You say you “never wanted kids” yet you still entered into this woman and her kids’ lives knowing that there was a good chance that you wouldn’t be able to hack it.  Kids — even teen kids — don’t need people hopping in and out of their lives.

…but… what’s done is done… so what you should do is ask that some ground rules be set. 
 
My kids used to call during “date nites” and I put my foot down and told them not to call me unless it was an emergency.

Or I wouldn’t answer and if they called Jess’ phone then I knew it was important.
Since kids can’t be programmed there’s nothing you can do about the unruly or disrespectful behavior…

As for loud sex… when my kids aren’t home — it’s on like Donkey Kong.  As teens I imagine they are out and about alot, no??  Mine are! I hardly ever see the 19 year old!
When they are home I consider it a game to be quiet. ;)

Oh and your ex… well… you need to cut it out… there’s no reason at all you should be talking to your ex that much… especially if she’s a semi-recent ex. 

Out of respect for your relationship — you should cut it back to a respectable level and you’ll see that your problems in that regard will all fade away.  Your partner just wants security.  It’s your job to provide it.  And she to you.

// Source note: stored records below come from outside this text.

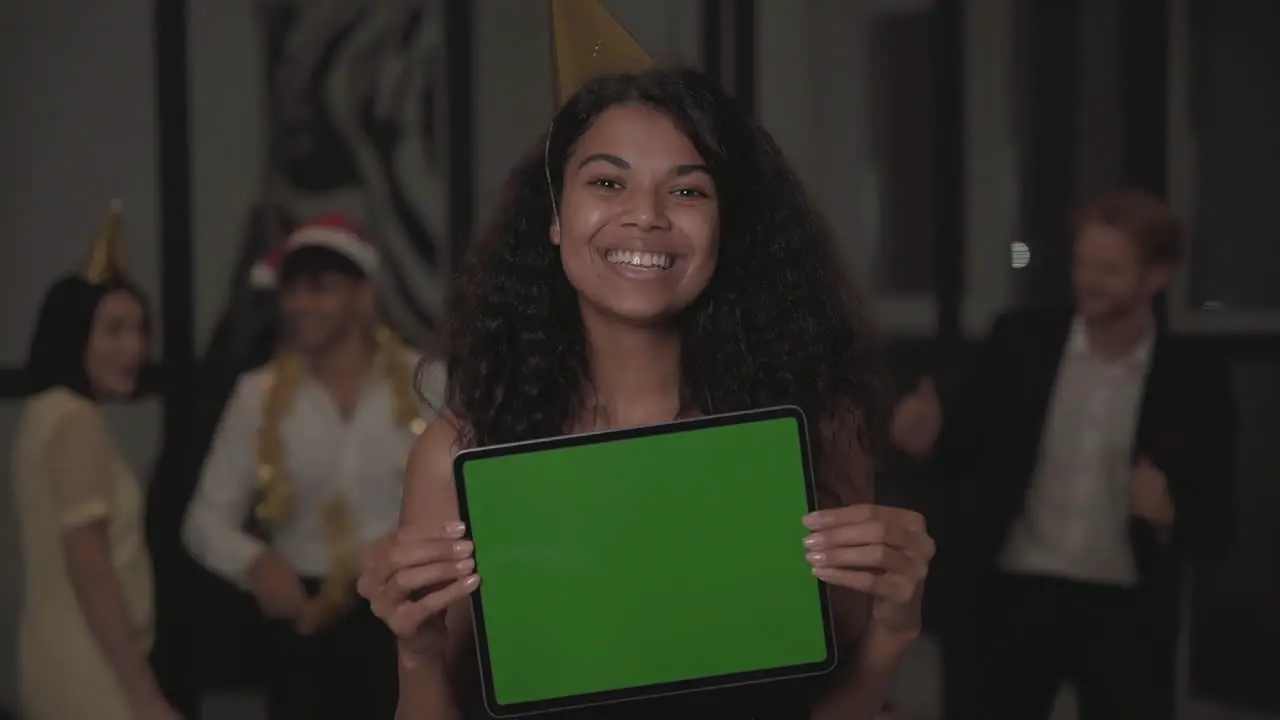 Young Happy Black Woman Holding A Tablet With Mockup Green Screen And Looking At The Camera At New Year's Eve Party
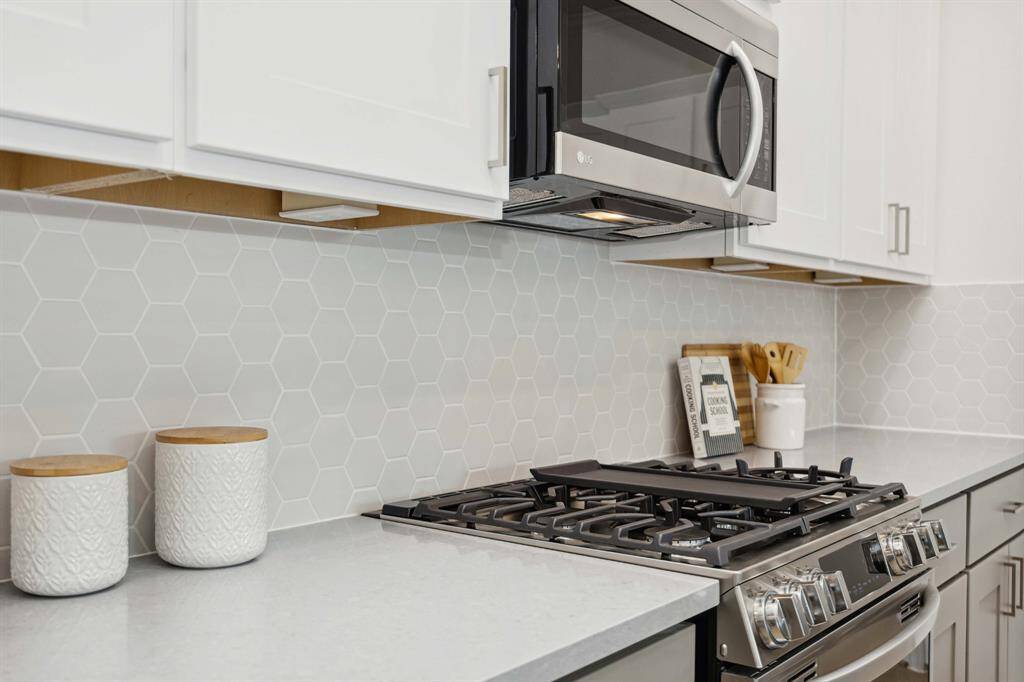 The kind of kitchen details that stop the scroll. Upgraded backsplash, brushed hardware, and custom cabinetry all come together to make this space seriously swoon-worthy.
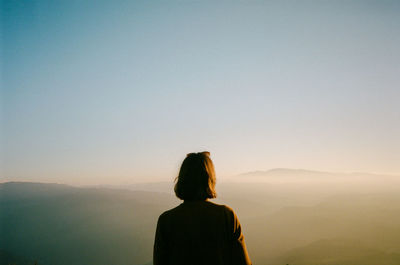 Rear view of man looking at mountain against sky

It really sounds to me like a little compromise may do the trick… but if it doesn’t — well — I don’t see how a trial separation will help.  You’ll just end up missing each other and going back or one of you will find someone else and the other will be really hurt.

I wish you all the luck.

Truly,
Tina-cious

Do you have advice you would like to give? Be sure to leave your thoughts in the comments section of this post.

Do you have a question you would like to pose to The Lesbian Lifestyle Advice Panelists? Find out more about the panelists and submit your question here.

* Please note that this advice should by no means be used as an actual diagnosis or therapy session. All of the panelists will be giving you their views from their own life experiences. If you have any further inquires please send them here.


related post

i’m with Tina
(and the rest, too)

The Ex? your gf has a right to be first
when it comes to other women
has a right to let you know what makes her feel safe with you
and you have a right to decide if her needs are reasonable
agree and adapt
or disagree & go

The Kids? you have every right
to let the gf know that YOU need to come first with her
at least sometimes
esp. on date nights, etc.
she can control the calling behavior with her response

as for sex & kids hearing
get creative!
they won’t be around forever

good communication counseling is a wondrous thing!